Grok Imagine supports 4-shot video prompts in creator tests
Creator tests suggest Grok Imagine can now follow multi-scene video prompts with close-ups, cutaways, and detail shots, though physics glitches remain. Keep sequences short and shot-by-shot if you want usable previs or stylized social clips.

TL;DR
- Creator tests indicate Grok Imagine can now follow four-shot video prompts inside a single clip, including wide shots, close-ups, reaction shots, and detail views, as shown in a robot-painter demo.
- The clearest working examples are written shot-by-shot: one test specifies a robot painting sequence across four planned camera setups, while another maps a Subaru chase into face close-up, exterior cutaway, and rear-seat interior coverage in the first prompt and the driving test.
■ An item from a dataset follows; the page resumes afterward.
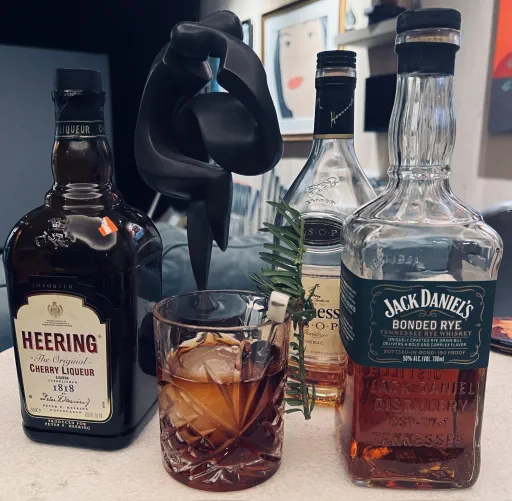 Vieuxx Cherr-ey (pronounced Vee Cheer-hey) Image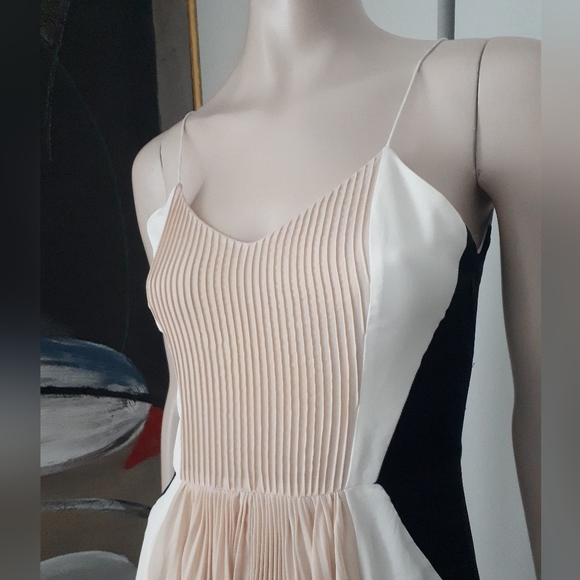 Parker | V- Neck Spaghetti Strap Gown - Picture 5 of 13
- Reliability is still uneven. The creator behind the car sequence says the second test has physics errors and is not yet suitable for professional work.
- Early creative use is skewing stylized rather than realistic: a longer music video built with Grok Imagine's comic-book template appears in this creator project, and simpler anime and fantasy clips in anime motion tests suggest short social-ready visuals are the current sweet spot.
What changed in prompting
The new behavior in the primary test is not just image-to-video motion. The prompt explicitly asks for a four-part sequence: a general shot of a robot painting a realistic portrait, a close-up of brushstrokes, a close-up of the robot's face while working, and a detailed look at the finished canvas. The attached clip [vid:0|Robot paints portrait] suggests Grok Imagine can now preserve a single idea while changing camera distance and subject emphasis inside one generated video.
A second creator test shows the same pattern applied to action coverage. In the car example, the prompt breaks the clip into three views—a driver's face, an exterior shot of a Subaru WRX on a muddy cliff road, and an interior rear-seat angle looking back down the road. That post also gives the clearest caveat: physics still break, even if the transition feature is a real step forward.
What creators are making with it
The most concrete downstream use so far is stylized sequencing, not polished realism. One creator's music video says it was made from Grok Imagine images and videos using the comic-book style template, which is a better fit for cuts, panels, and exaggerated motion than strict physical accuracy.
Shorter experiments point the same way. An anime portrait turn in this animation test and a fantasy wizard-dragon clip in a fantasy example both work because they ask the model for mood, motion, and reveal shots rather than precise real-world mechanics. For previs, animatics, and stylized social clips, the evidence so far favors short sequences with clearly separated shot instructions.